Identify the additional 8 areas restricted from 28 September 2020:

zonas_restricted_2=["Panaderas", "Doctor Trueta", "Miguel Servet", "Campo de la Paloma", "Rafael Alberti", "García Noblejas", "Vicálvaro - Artilleros","Orcasitas"]

check_zones(zonas_restricted_2)

8 set()

Label zones with restricted group

zones_df['restricted']='0'
for i in range(len(zonas_restricted_1)): zones_df.loc[zones_df.zona_basic==zonas_restricted_1[i], 'restricted']='1'
for i in range(len(zonas_restricted_2)): zones_df.loc[zones_df.zona_basic==zonas_restricted_2[i], 'restricted']='2'
zones_df.restricted.value_counts()/len(zones_df.fecha_informe.unique())

0    241.0
1     37.0
2      8.0
Name: restricted, dtype: float64

Helper function to reorder the presentation of the dates

def col_func(fecha): return fecha[3]+fecha[4]+fecha[2]+fecha[0]+fecha[1]

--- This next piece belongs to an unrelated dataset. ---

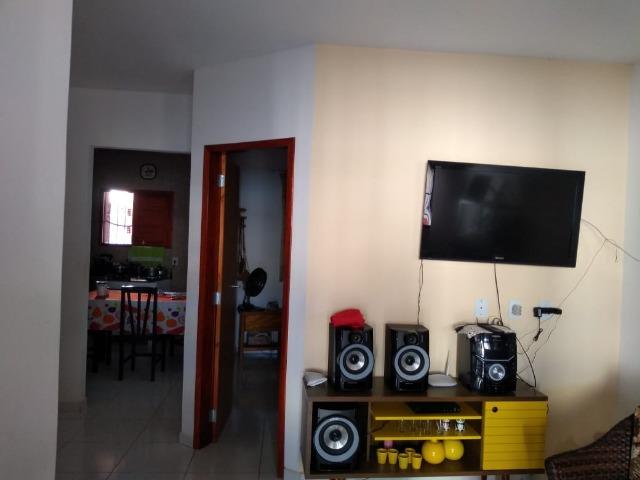 Vende-se/Repasse Uma Otima Casa - Foto 3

Histograms of number of zones in each category in the last 6 weeks

plotnine.options.figure_size = (14, 8)

ggplot(zones_df[zones_df.fecha_informe>'08/24'], aes(x='tasa_bin', fill='restricted')) \
+ geom_histogram(binwidth=1, alpha=0.6, position='stack') \
+ facet_wrap('fecha_informe', labeller=labeller(cols=col_func)) \
+ theme_minimal() \
+ labs(title="Zonas básicas de salud",
       x='Tasa incidencia acumulada ultimos 14 días',
       y="Número de zonas") \
+ scale_fill_brewer(palette = 'Reds')

/usr/local/lib/python3.6/dist-packages/plotnine/utils.py:1246: FutureWarning: is_categorical is deprecated and will be removed in a future version.  Use is_categorical_dtype instead
  if pdtypes.is_categorical(arr):

<ggplot: (8761571081273)>

Maps for the most recent week

week_df=zones_df[zones_df.fecha_informe==zones_df.fecha_informe.unique().max()][['zona_basic','tasa','casos','tasa_bin','restricted']]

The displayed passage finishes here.